## Your instructions:
What you return should be every record, retyped without a single change.

[Collected data]

☆ ☆ ☆ ☆ ☆

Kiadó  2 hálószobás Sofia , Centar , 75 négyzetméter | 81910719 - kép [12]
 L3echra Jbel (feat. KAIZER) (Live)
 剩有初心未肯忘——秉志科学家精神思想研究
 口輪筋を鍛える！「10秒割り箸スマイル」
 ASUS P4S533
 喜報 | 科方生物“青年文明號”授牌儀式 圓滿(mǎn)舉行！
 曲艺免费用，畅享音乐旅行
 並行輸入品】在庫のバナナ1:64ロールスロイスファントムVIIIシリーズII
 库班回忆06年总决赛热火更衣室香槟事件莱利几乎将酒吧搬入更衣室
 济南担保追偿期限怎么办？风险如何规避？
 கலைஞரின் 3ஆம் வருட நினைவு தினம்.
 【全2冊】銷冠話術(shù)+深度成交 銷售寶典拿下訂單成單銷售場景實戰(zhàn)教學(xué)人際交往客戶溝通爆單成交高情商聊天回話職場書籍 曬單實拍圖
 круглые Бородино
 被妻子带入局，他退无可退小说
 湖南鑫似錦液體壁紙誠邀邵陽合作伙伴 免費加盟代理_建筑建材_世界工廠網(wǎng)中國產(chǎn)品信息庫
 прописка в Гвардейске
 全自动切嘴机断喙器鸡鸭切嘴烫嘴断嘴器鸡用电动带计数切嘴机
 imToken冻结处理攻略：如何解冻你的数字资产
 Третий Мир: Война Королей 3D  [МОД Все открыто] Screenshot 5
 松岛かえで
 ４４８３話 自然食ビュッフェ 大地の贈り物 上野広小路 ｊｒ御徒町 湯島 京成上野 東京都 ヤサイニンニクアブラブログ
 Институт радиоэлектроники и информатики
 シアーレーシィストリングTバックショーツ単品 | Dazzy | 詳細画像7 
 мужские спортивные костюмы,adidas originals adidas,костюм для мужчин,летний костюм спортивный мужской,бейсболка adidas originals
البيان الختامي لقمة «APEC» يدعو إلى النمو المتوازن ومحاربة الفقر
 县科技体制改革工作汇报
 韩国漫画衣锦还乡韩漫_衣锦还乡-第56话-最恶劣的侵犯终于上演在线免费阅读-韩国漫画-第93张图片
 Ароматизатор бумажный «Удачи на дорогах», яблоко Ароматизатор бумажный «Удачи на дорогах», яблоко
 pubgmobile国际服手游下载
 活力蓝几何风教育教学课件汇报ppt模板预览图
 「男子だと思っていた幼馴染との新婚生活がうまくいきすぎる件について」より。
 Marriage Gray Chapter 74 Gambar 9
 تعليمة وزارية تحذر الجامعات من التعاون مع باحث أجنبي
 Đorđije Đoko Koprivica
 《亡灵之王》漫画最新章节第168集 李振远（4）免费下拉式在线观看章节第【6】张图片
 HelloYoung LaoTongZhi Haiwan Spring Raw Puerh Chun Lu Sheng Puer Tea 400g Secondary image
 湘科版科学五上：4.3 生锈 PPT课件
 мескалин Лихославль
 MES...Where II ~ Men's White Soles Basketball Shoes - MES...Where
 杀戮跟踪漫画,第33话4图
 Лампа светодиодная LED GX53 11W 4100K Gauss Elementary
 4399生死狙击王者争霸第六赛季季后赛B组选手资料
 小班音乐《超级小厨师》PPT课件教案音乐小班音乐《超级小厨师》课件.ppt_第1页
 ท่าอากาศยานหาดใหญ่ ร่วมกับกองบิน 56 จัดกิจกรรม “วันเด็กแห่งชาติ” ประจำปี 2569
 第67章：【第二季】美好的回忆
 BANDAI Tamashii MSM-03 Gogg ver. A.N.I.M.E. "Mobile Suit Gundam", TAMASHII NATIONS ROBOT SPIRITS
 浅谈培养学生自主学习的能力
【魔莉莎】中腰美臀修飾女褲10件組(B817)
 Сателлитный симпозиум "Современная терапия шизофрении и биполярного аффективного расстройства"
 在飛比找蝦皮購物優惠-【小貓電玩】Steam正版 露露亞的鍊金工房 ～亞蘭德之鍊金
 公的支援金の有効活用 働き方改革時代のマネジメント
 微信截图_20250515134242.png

☆ ☆ ☆ ☆ ☆

## Response box:
Kiadó  2 hálószobás Sofia , Centar , 75 négyzetméter | 81910719 - kép [12]
 L3echra Jbel (feat. KAIZER) (Live)
 剩有初心未肯忘——秉志科学家精神思想研究
 口輪筋を鍛える！「10秒割り箸スマイル」
 ASUS P4S533
 喜報 | 科方生物“青年文明號”授牌儀式 圓滿(mǎn)舉行！
 曲艺免费用，畅享音乐旅行
 並行輸入品】在庫のバナナ1:64ロールスロイスファントムVIIIシリーズII
 库班回忆06年总决赛热火更衣室香槟事件莱利几乎将酒吧搬入更衣室
 济南担保追偿期限怎么办？风险如何规避？
 கலைஞரின் 3ஆம் வருட நினைவு தினம்.
 【全2冊】銷冠話術(shù)+深度成交 銷售寶典拿下訂單成單銷售場景實戰(zhàn)教學(xué)人際交往客戶溝通爆單成交高情商聊天回話職場書籍 曬單實拍圖
 круглые Бородино
 被妻子带入局，他退无可退小说
 湖南鑫似錦液體壁紙誠邀邵陽合作伙伴 免費加盟代理_建筑建材_世界工廠網(wǎng)中國產(chǎn)品信息庫
 прописка в Гвардейске
 全自动切嘴机断喙器鸡鸭切嘴烫嘴断嘴器鸡用电动带计数切嘴机
 imToken冻结处理攻略：如何解冻你的数字资产
 Третий Мир: Война Королей 3D  [МОД Все открыто] Screenshot 5
 松岛かえで
 ４４８３話 自然食ビュッフェ 大地の贈り物 上野広小路 ｊｒ御徒町 湯島 京成上野 東京都 ヤサイニンニクアブラブログ
 Институт радиоэлектроники и информатики
 シアーレーシィストリングTバックショーツ単品 | Dazzy | 詳細画像7 
 мужские спортивные костюмы,adidas originals adidas,костюм для мужчин,летний костюм спортивный мужской,бейсболка adidas originals
البيان الختامي لقمة «APEC» يدعو إلى النمو المتوازن ومحاربة الفقر
 县科技体制改革工作汇报
 韩国漫画衣锦还乡韩漫_衣锦还乡-第56话-最恶劣的侵犯终于上演在线免费阅读-韩国漫画-第93张图片
 Ароматизатор бумажный «Удачи на дорогах», яблоко Ароматизатор бумажный «Удачи на дорогах», яблоко
 pubgmobile国际服手游下载
 活力蓝几何风教育教学课件汇报ppt模板预览图
 「男子だと思っていた幼馴染との新婚生活がうまくいきすぎる件について」より。
 Marriage Gray Chapter 74 Gambar 9
 تعليمة وزارية تحذر الجامعات من التعاون مع باحث أجنبي
 Đorđije Đoko Koprivica
 《亡灵之王》漫画最新章节第168集 李振远（4）免费下拉式在线观看章节第【6】张图片
 HelloYoung LaoTongZhi Haiwan Spring Raw Puerh Chun Lu Sheng Puer Tea 400g Secondary image
 湘科版科学五上：4.3 生锈 PPT课件
 мескалин Лихославль
 MES...Where II ~ Men's White Soles Basketball Shoes - MES...Where
 杀戮跟踪漫画,第33话4图
 Лампа светодиодная LED GX53 11W 4100K Gauss Elementary
 4399生死狙击王者争霸第六赛季季后赛B组选手资料
 小班音乐《超级小厨师》PPT课件教案音乐小班音乐《超级小厨师》课件.ppt_第1页
 ท่าอากาศยานหาดใหญ่ ร่วมกับกองบิน 56 จัดกิจกรรม “วันเด็กแห่งชาติ” ประจำปี 2569
 第67章：【第二季】美好的回忆
 BANDAI Tamashii MSM-03 Gogg ver. A.N.I.M.E. "Mobile Suit Gundam", TAMASHII NATIONS ROBOT SPIRITS
 浅谈培养学生自主学习的能力
【魔莉莎】中腰美臀修飾女褲10件組(B817)
 Сателлитный симпозиум "Современная терапия шизофрении и биполярного аффективного расстройства"
 在飛比找蝦皮購物優惠-【小貓電玩】Steam正版 露露亞的鍊金工房 ～亞蘭德之鍊金
 公的支援金の有効活用 働き方改革時代のマネジメント
 微信截图_20250515134242.png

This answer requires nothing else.